Ao realizar a cerimônia pela primeira vez na história dos Jogos Olímpicos fora do cenário tradicional de um estádio, Paris 2024 convidou todos a participarem das quatro horas de festa, criada pelo diretor artístico Thomas Jolly.

Atletas saltaram no convés dos barcos sob chuva constante, torcedores se reuniram nas margens e pontes, bailarinos deram piruetas nos telhados e os parisienses saíram em suas sacadas para aclamar as delegações dos 205 Comitês Olímpicos Nacionais (CON).

O desfile no rio e as apresentações artísticas percorreram o coração de Paris rumo a Trocadero, onde o mundo se reuniu para ouvir as palavras mágicas do Presidente da França, Emmanuel Macron: "Eu declaro os Jogos Olímpicos Paris 2024 abertos."

"Alguns podem dizer que nós, no mundo Olímpico, somos sonhadores. Mas não somos os únicos," disse o presidente do Comitê Olímpico Internacional, Thomas Bach. "E nosso sonho está se tornando realidade nesta noite: uma realidade para todos verem. Atletas Olímpicos de todo o mundo, nos mostrando a grandeza que nós humanos somos capazes. Então eu convido a todos: sonhem conosco. Como os atletas Olímpicos, inspirem-se na alegria que apenas o esporte pode nos dar. Vamos celebrar este espírito Olímpico de viver a vida em paz, como uma única humanidade, unida em toda a nossa diversidade."

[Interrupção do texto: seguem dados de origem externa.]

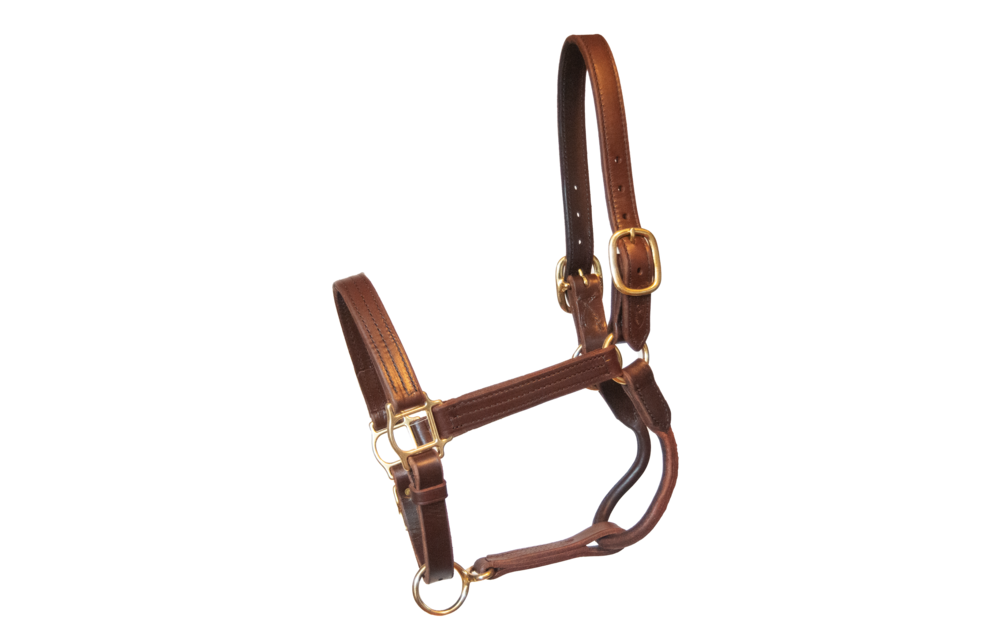 Leather Halter Old Friends Lined Nose & Adjustable Chin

A pira Olímpica se eleva nos céus de Paris

Foto por Peter Cziborra - Pool/Getty Images

Seis quilômetros, 85 barcos: A primeira Parada das Nações em um rio

Emergindo de trás de uma fila de leques com penas cor-de-rosa e vestida para um cabaré, Lady Gaga deu o tom para a noite que estava por vir.

"Boa noite! Bem-vindos a Paris," a cantora e compositora gritou, depois de sua icônica apresentação da canção francesa "Mon truc en plume", para começar uma celebração inesquecível. E os atletas estavam prontos para atender ao chamado.

Começando na Pont d'Austerlitz, a flotilha da Parada das Nações começou sua jornada de seis quilômetros a oeste ao longo do Sena, passando sob pontes e por marcos reconhecidos mundialmente, como a Esplanade des Invalides, a Place de la Concorde, Notre-Dame e o Grand Palais, antes de chegar a Trocadero, do lado oposto da Torre Eiffel.

Misturados a esses marcos estavam os locais que receberão os atletas para as competições durante os próximos 16 dias e, para alguns, também o palco de seus maiores triunfos.

Mas, por enquanto, a competição não era a prioridade em suas mentes. A união era o sentimento da noite, com atletas de diferentes países celebrando em barcos compartilhados - Canadá e República Popular da China se misturando em um mar vermelho no mesmo convés, atletas de Mongólia, Montenegro, Moçambique e Mianmar encurtando as distâncias entre três continentes para se reunirem em um mesmo barco.

Mesmo os surfistas, que estão prestes a iniciar a competição no Taiti, se juntaram às festividades via link de vídeo desde a praia, vestidos com as roupas da Cerimônia e segurando tradicionais pranchas de madeira.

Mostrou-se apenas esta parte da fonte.